- **TASK REQUIREMENTS**
Range to repeat from the listing below: the line containing "Schematic Diagram Of" down to the line containing "突发变动关,键结果已公,布引", both included. Copy it exactly, pictures excluded, and add nothing else.

- **ENTRIES SUPPLIED**

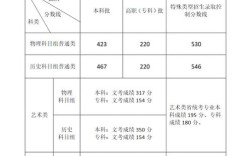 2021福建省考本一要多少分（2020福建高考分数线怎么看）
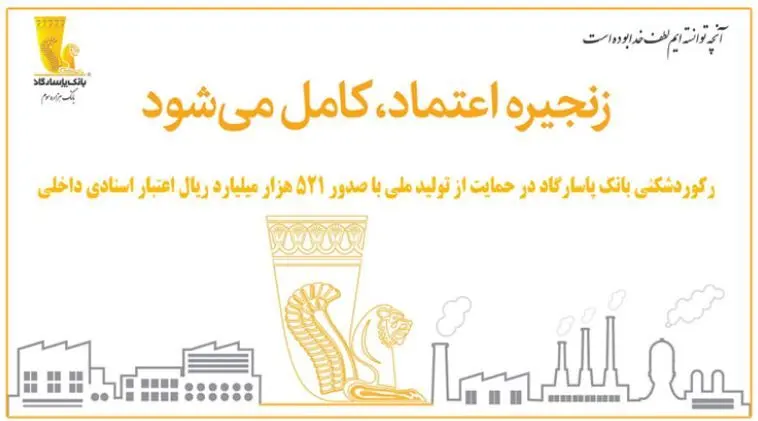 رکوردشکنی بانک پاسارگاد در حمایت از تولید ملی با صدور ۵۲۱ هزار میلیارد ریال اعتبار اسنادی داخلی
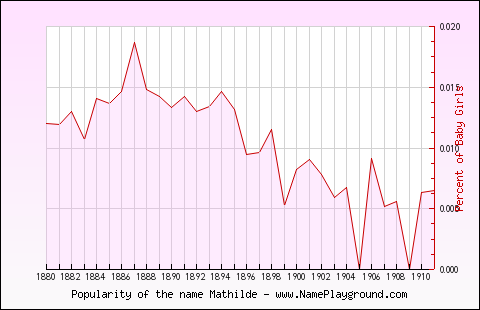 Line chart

* * *

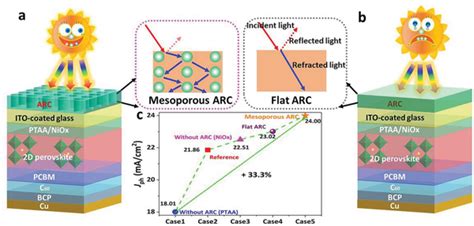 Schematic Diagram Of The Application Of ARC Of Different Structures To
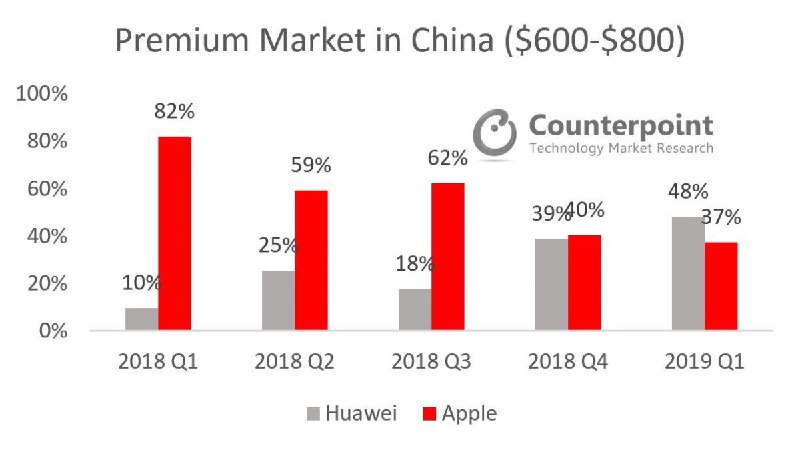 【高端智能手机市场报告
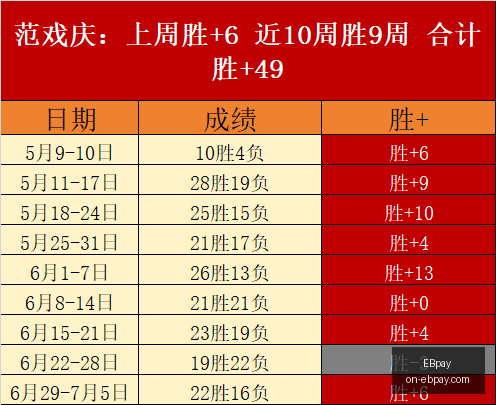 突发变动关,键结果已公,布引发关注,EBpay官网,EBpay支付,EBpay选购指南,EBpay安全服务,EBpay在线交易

- **REPLY TO THE TASK**
 Schematic Diagram Of The Application Of ARC Of Different Structures To
 【高端智能手机市场报告
 突发变动关,键结果已公,布引发关注,EBpay官网,EBpay支付,EBpay选购指南,EBpay安全服务,EBpay在线交易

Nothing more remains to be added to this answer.